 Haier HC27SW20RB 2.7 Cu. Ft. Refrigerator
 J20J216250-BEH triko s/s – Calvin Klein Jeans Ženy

==========

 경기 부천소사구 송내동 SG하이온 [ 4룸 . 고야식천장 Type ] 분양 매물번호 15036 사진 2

==========

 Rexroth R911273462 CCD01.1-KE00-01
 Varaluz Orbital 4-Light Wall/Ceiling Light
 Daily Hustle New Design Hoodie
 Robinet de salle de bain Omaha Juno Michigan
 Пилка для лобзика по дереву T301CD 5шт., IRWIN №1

==========

_TRY IT_
Repeat the entries above verbatim, but only from the line that has "Rexroth R911273462 CCD01.1-KE00-01" down to the line that has "Пилка для лобзика", inclusive.

_FINISHED EXERCISE_
 Rexroth R911273462 CCD01.1-KE00-01
 Varaluz Orbital 4-Light Wall/Ceiling Light
 Daily Hustle New Design Hoodie
 Robinet de salle de bain Omaha Juno Michigan
 Пилка для лобзика по дереву T301CD 5шт., IRWIN №1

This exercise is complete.